In electronics, if you want to visually interact with your user there is plenty of choices available. LEDS, LCD, dot matrix displays, OLED screens, etc … But wouldn’t be cool if our inexpensive piece of kit could play with the big boys and use the same tech. Can a microcontroller get something onto a computer monitor using the VGA standard?

“But driving a VGA screen on an 8MHz microcontroller is impossible” some may say, and for good reasons, a standard 640x480 screen requires a 25MHz pixel clock, which is just a bit more than three times the chosen microcontroller clock speed, but we will come back later to this.
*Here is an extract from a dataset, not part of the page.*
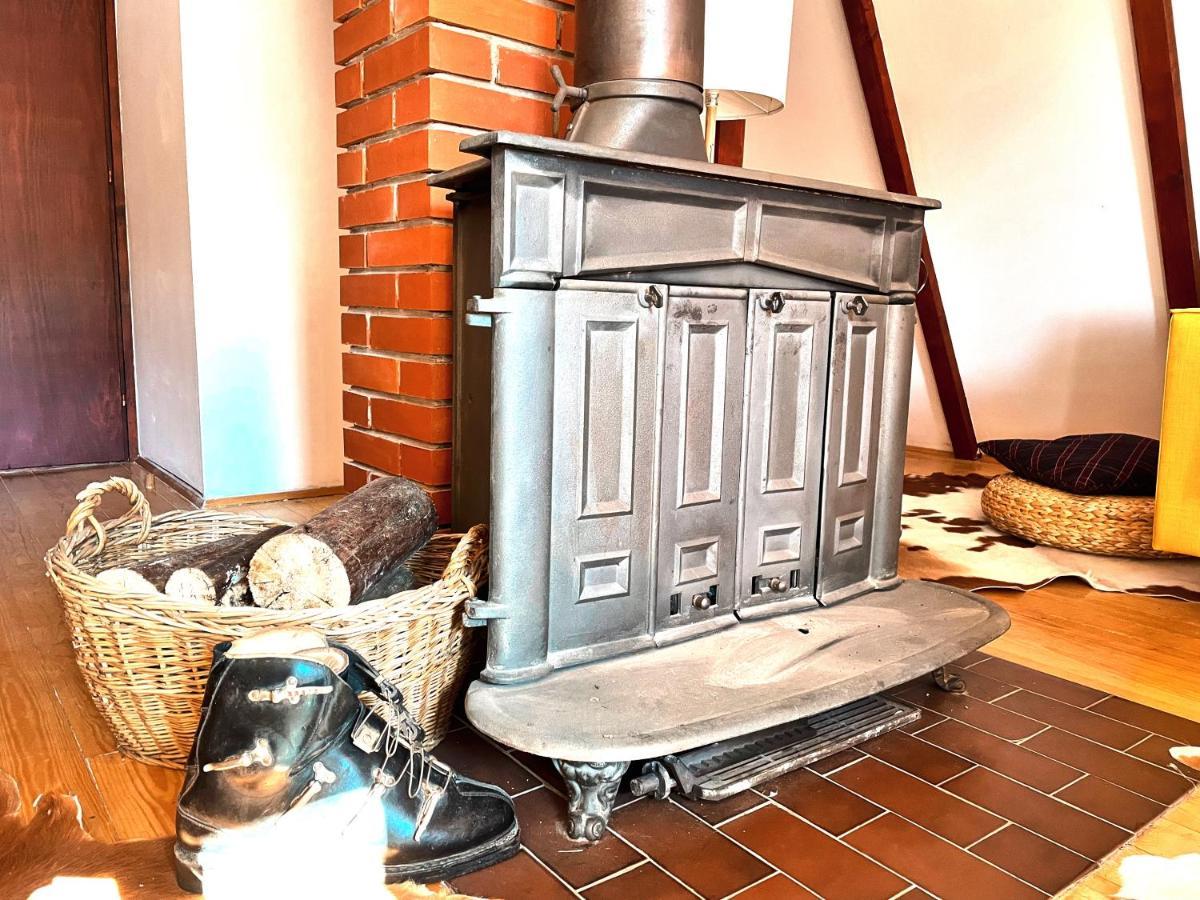 Villa Kuca Na Kopaoniku - Rani Mraz Extérieur photo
So, before diving deeper, no I’m not addressing every single pixels (duh), no this is not the best way to do it (more on that later), and no I don’t think you can easily do it in C/C++.

## Hardware

One of the goal behind this project was to do it with as little components as possible, and by that, I mean the crystal, few passives, and the micro. Nothing else. As such the schematic is as simple as it can get, see it for yourself.

The microcontroller I used was a PIC16F887, clocked at 8MHz using an external crystal Q1. Ok, I will admit, this guy is overkill for the job at hand, but I mainly used it because it was in my parts bin. Any, more reasonably sized microcontroller would do the job perfectly fine.

VGA standard is using a DE-15 connector, on the 15 pins only 10 are required for this project, but still, let us break them all down.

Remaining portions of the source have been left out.